Un film de Ridley Scott.
Qui trop embrasse mal étreint, comme chacun sait. Comment proposer un regard pertinent sur Napoléon en survolant son parcours, depuis la décapitation de Marie-Antoinette en 1793 jusqu’à l’exil à Sainte-Hélène (1815-1821), en à peine 2h36 ? Il paraît que le film existera peut-être aussi en une version longue qui durera deux heures de plus. Peut-être sera-t-elle plus satisfaisante. Mais le film qui vient de sortir sur nos écrans, lui, paraît tellement réducteur qu’on ne peut qu’être dépité en le voyant.
La fresque est ambitieuse et elle réserve, à vrai dire, quelques séquences de haut niveau. J’en ai repéré trois qui, à elles seules, méritent le déplacement et ce sont trois scènes de batailles : le siège et la prise de Toulon (1793), la bataille d’Austerlitz (1805) et celle de Waterloo (1815). Dans ces trois cas, le travail effectué par Ridley Scott et son équipe, la direction d’acteurs, le choix des plans, les effets spéciaux, tout est admirable et réellement bluffant. Le savoir-faire du réalisateur y est indéniable. Malheureusement, il n’en est pas de même pour ce qui concerne la campagne d’Egypte, expédiée, pas plus que pour ce qui concerne la bataille de la Moskova, la prise et l’incendie de Moscou et la Bérézina, bâclés. Quant aux autres nombreuses batailles livrées par Napoléon et ses hommes, elles ne sont pas même évoquées.

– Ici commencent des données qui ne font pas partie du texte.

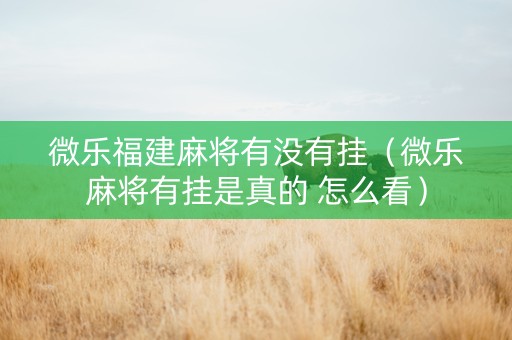 微乐福建麻将有没有挂（微乐麻将有挂是真的 怎么看）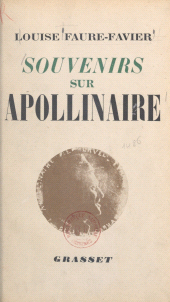 eBook, Souvenirs sur Guillaume Apollinaire : Avec un portrait inédit, 10 photographies, 4 autographes et 2 dessins originaux de Marie Laurencin, Grasset (réédition numérique FeniXX)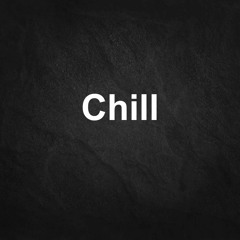 chill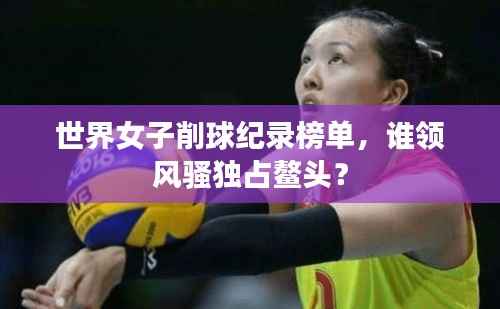 世界女子削球纪录榜单,谁领风骚独占鳌头?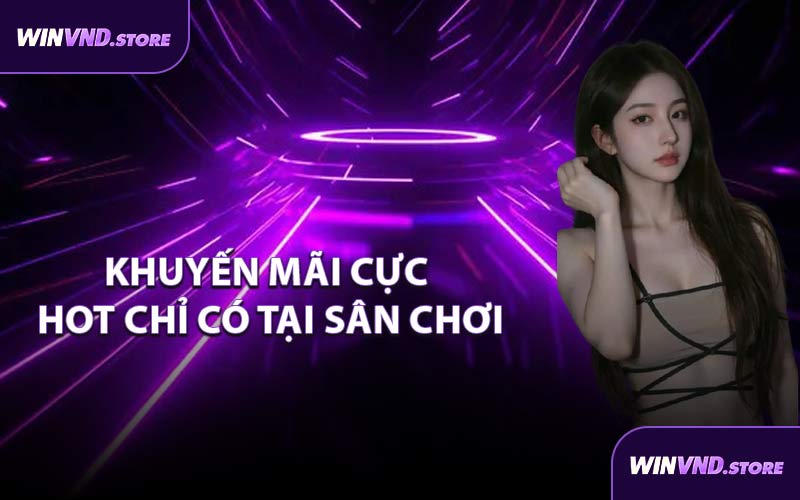 Khuyến Mãi Cực Hot Chỉ Có Tại Sân Chơi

En dehors des trois séquences de batailles qui sont incontestablement le meilleur de ce film, tout ou presque ne se focalise que sur un aspect de la vie de Napoléon : son amour fusionnel mais contrarié avec sa première épouse Joséphine de Beauharnais. Tout le film, toute la vie de Napoléon, selon Ridley Scott, ont pour centre cette passion pour Joséphine, au point que le réalisateur s’autorise toutes sortes d’écarts d’avec la réalité historique. Ainsi, si Napoléon quitte précipitamment la campagne d’Egypte, c’est, d’après le film, parce qu’il soupçonne Joséphine de le tromper. Ou encore, quand Napoléon quitte l’île d’Elbe pour revenir en France, c’est, en partie, parce qu’il espère revoir Joséphine. Il ne cesse d’ailleurs, au cours de ses déplacements, de lui écrire des lettres enflammées.
Que la passion de Napoléon pour Joséphine ait tenu une place importante dans sa vie, c’est plus que probable, mais de là à en faire un pivot ! Pour la plupart des historiens interrogés au sujet de ce film, Ridley Scott ne fait rien d’autre que reprendre à son compte les portraits peu flatteurs que les Britanniques contemporains de Napoléon se plaisaient à brosser, portraits évidemment caricaturaux. Or même les historiens anglais d’aujourd’hui ont pris leurs distances d’avec ces déformations de propagande du passé. Mais pas Ridley Scott !
Cette représentation désuète de Napoléon dessert considérablement le film et, pis que tout, elle engendre chez le spectateur beaucoup de lassitude. On peut se réveiller au cours des scènes de batailles et, le reste du temps, somnoler devant la fadeur d’un film déplorablement réducteur.